TASK INSTRUCTIONS: Required from the data below: the exact lines starting at the line containing "This area will" and ending at the line containing "Remember to click", with both ends kept and all pictures dropped.
____ INFORMATION SUPPLIED
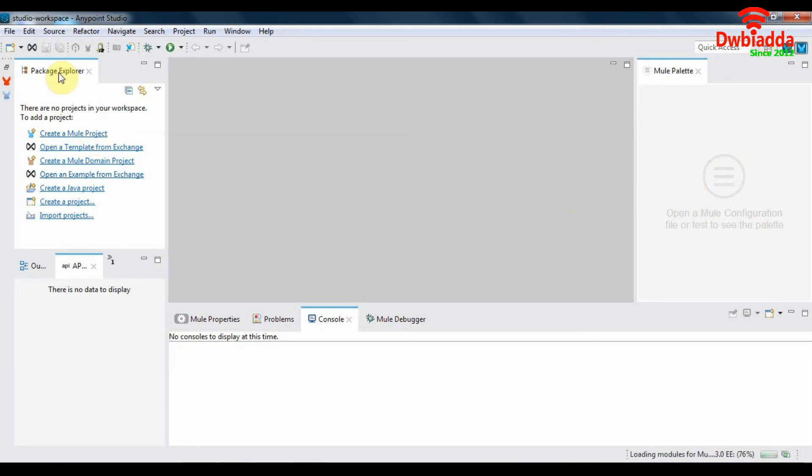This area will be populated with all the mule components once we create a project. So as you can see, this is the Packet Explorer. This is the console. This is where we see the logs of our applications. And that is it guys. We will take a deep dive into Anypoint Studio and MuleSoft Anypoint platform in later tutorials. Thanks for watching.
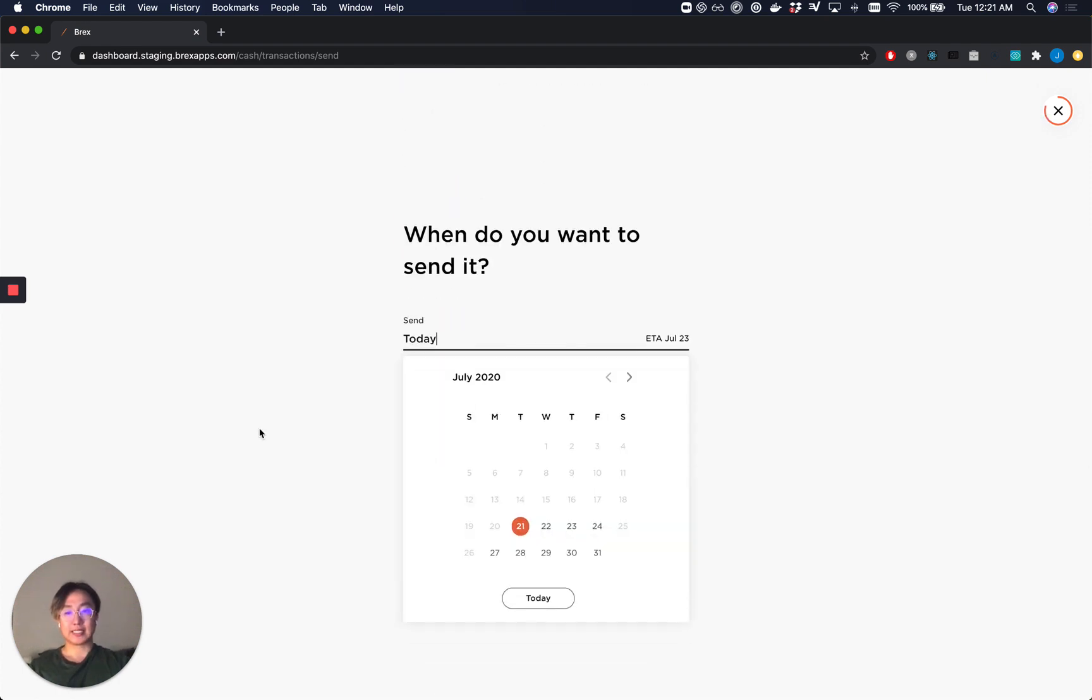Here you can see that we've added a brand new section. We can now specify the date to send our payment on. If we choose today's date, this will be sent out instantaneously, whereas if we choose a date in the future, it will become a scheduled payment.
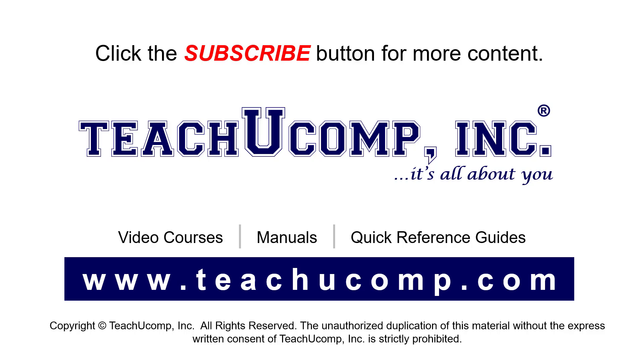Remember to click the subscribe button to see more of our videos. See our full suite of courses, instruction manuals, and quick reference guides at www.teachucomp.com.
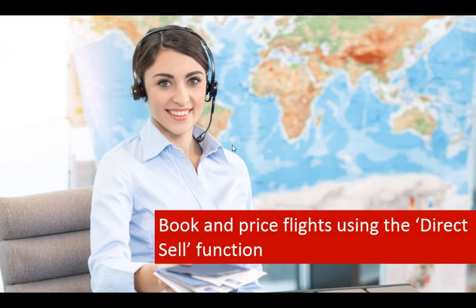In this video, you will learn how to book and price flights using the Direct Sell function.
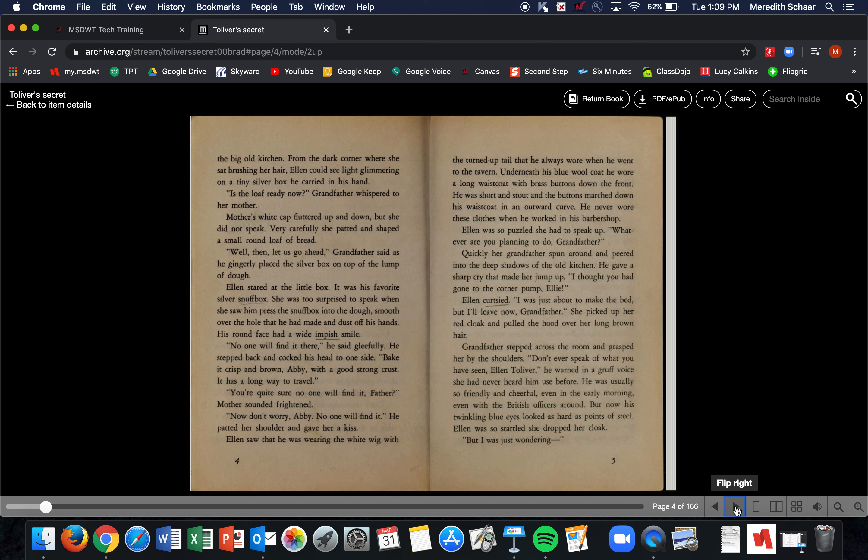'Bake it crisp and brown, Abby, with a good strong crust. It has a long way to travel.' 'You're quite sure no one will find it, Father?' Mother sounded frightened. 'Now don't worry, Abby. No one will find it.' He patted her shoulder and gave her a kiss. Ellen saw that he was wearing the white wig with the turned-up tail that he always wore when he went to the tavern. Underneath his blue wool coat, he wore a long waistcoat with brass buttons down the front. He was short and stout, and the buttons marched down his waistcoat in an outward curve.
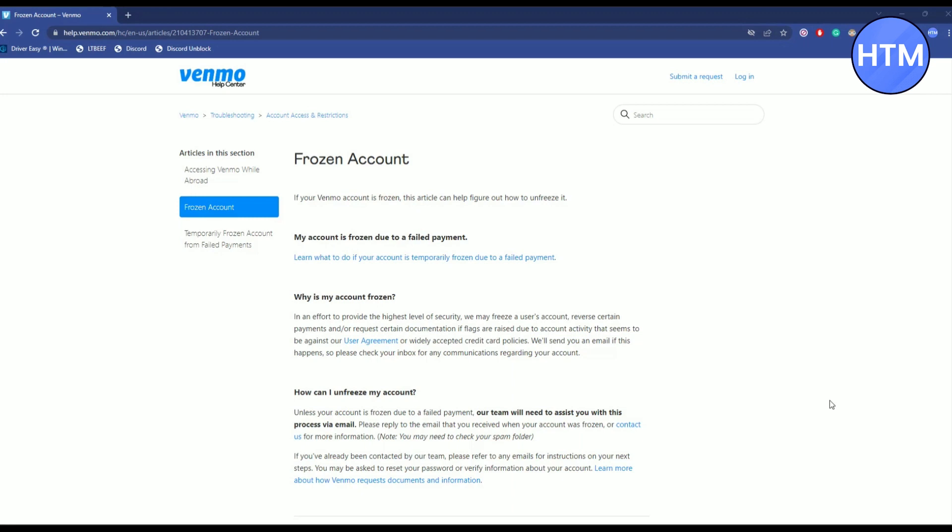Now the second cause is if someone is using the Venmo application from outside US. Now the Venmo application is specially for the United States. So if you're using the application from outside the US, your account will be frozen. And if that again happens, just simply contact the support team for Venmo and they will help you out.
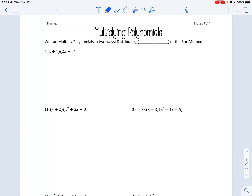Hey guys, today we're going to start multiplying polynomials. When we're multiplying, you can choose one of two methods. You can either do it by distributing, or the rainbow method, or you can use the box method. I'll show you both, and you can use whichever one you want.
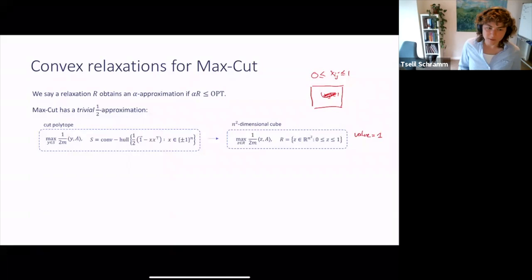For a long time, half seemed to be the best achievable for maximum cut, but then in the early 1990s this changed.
________
____ INFORMATION SUPPLIED
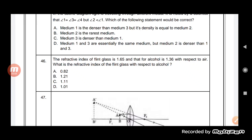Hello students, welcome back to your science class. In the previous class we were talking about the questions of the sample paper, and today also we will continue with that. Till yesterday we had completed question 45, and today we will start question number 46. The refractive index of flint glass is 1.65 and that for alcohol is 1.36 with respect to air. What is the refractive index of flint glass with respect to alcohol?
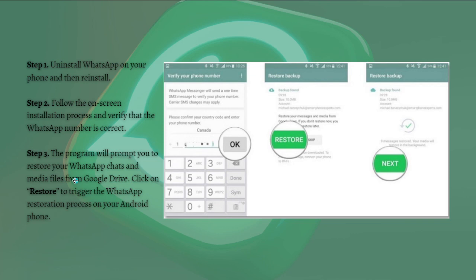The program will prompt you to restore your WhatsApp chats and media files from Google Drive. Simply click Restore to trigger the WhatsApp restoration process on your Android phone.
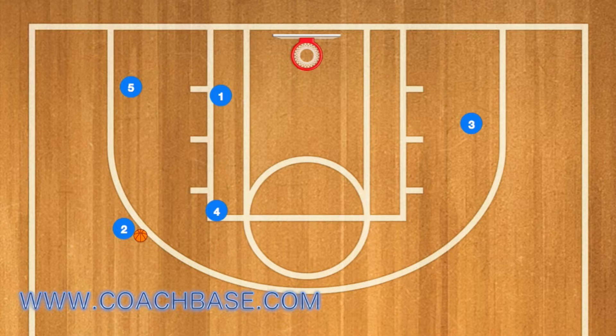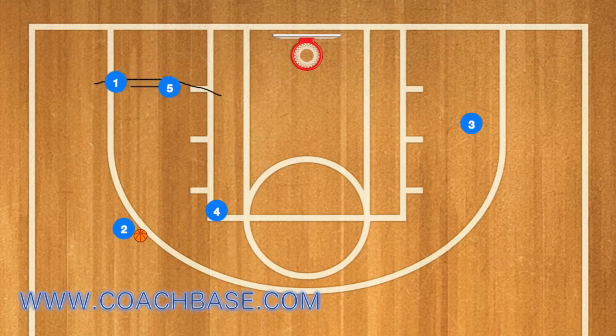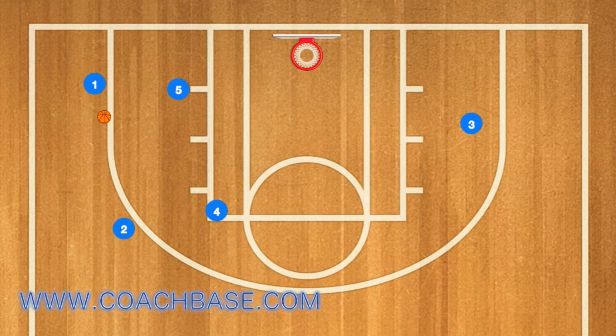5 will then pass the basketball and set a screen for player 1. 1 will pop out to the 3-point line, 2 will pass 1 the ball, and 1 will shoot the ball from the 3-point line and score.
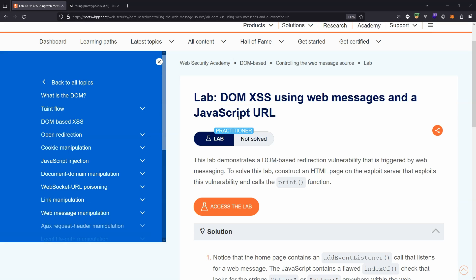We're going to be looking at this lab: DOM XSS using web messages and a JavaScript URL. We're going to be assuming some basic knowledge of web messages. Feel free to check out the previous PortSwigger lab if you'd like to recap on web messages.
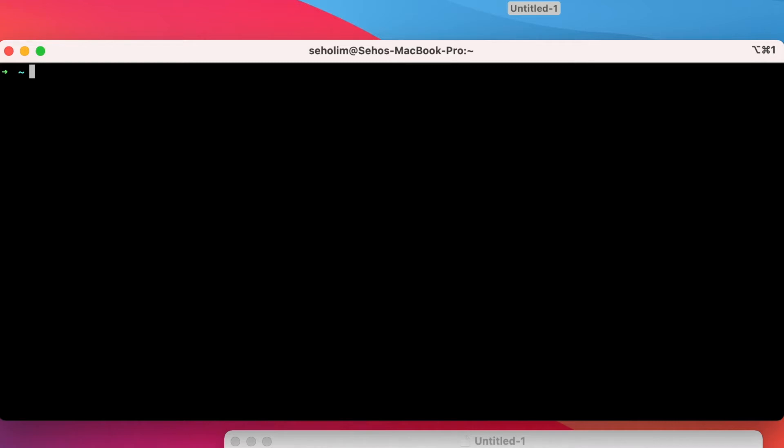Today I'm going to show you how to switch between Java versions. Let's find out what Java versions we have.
________
YOUR RESPONSE:
This area will be populated with all the mule components once we create a project. So as you can see, this is the Packet Explorer. This is the console. This is where we see the logs of our applications. And that is it guys. We will take a deep dive into Anypoint Studio and MuleSoft Anypoint platform in later tutorials. Thanks for watching.
Here you can see that we've added a brand new section. We can now specify the date to send our payment on. If we choose today's date, this will be sent out instantaneously, whereas if we choose a date in the future, it will become a scheduled payment.
Remember to click the subscribe button to see more of our videos. See our full suite of courses, instruction manuals, and quick reference guides at www.teachucomp.com.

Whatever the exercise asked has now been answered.